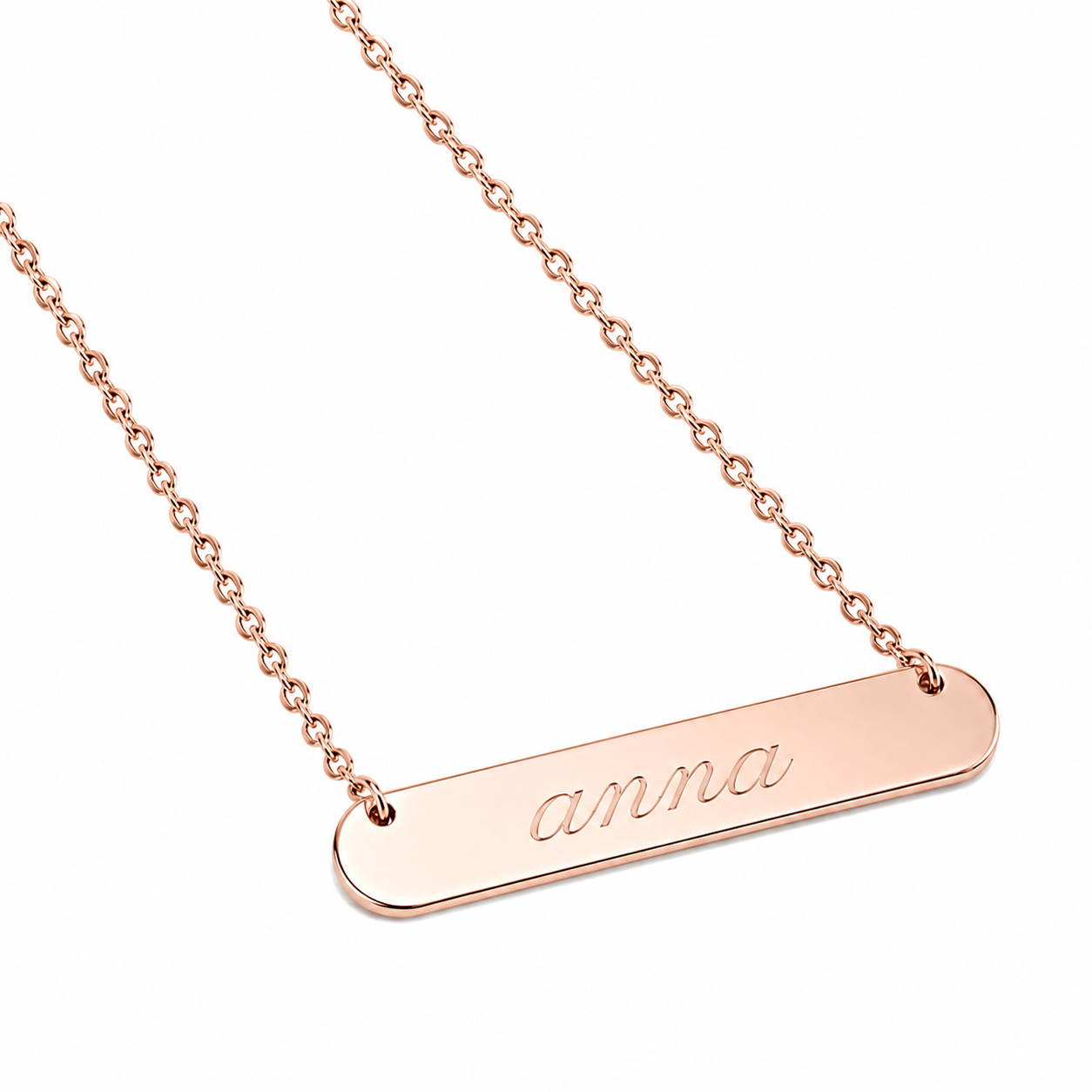 Sterling Silver Small Bar Necklace 35mm x 7mm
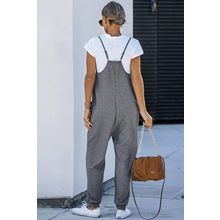 Gray Textured Sleeveless V-Neck Pocketed Casual Jumpsuit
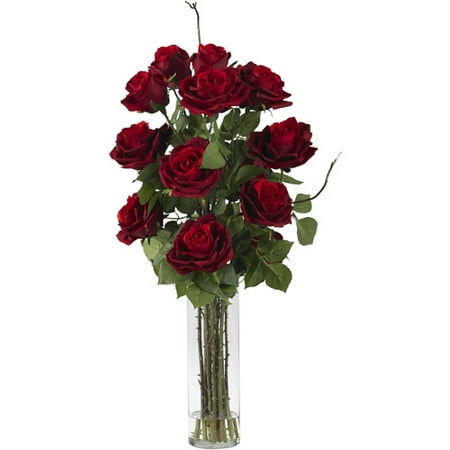 Nearly Natural Red Roses with Cylinder Vase Silk Flower Arrangement Nearly Natural Roses with Cylinder Vase Silk Flower Arrangement - Red Nothing says  love  quite like a red rose in full bloom. The soft petals  so perfectly formed; the deep  rich color; the lush greenery that provides the ideal backdrop - the visual is intoxicating indeed. And this piece perfectly captures that essence with this amazing Red Rose bouquet. Complete with a sturdy vase  this beautiful arrangement will project a feeling of warmth for years to come. Height: 27    Width: 14    Depth: 14  . Category: Silk Arrangement. Vase Size: W: 3.5 in  H: 10.5 in Color: Red. Brand: Nearly Natural Model Number: 1368-1206Shipping Details
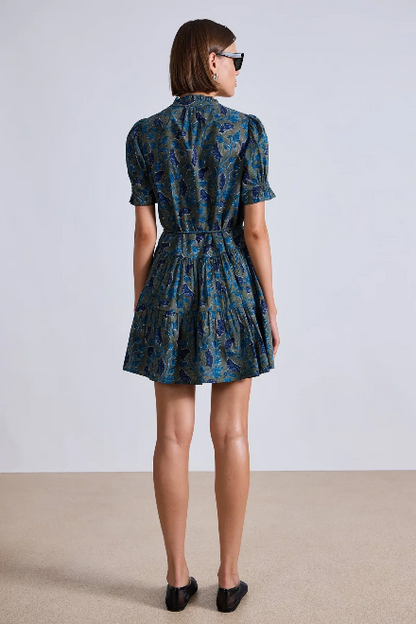 AA Las Alturas Cotton Mini Dress in Malene Floral Olive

··········

None of the pictures should appear; copy the rest of the material above exactly.

◆ **Problem solution**:
 Sterling Silver Small Bar Necklace 35mm x 7mm
 Gray Textured Sleeveless V-Neck Pocketed Casual Jumpsuit
 Nearly Natural Red Roses with Cylinder Vase Silk Flower Arrangement Nearly Natural Roses with Cylinder Vase Silk Flower Arrangement - Red Nothing says  love  quite like a red rose in full bloom. The soft petals  so perfectly formed; the deep  rich color; the lush greenery that provides the ideal backdrop - the visual is intoxicating indeed. And this piece perfectly captures that essence with this amazing Red Rose bouquet. Complete with a sturdy vase  this beautiful arrangement will project a feeling of warmth for years to come. Height: 27    Width: 14    Depth: 14  . Category: Silk Arrangement. Vase Size: W: 3.5 in  H: 10.5 in Color: Red. Brand: Nearly Natural Model Number: 1368-1206Shipping Details
 AA Las Alturas Cotton Mini Dress in Malene Floral Olive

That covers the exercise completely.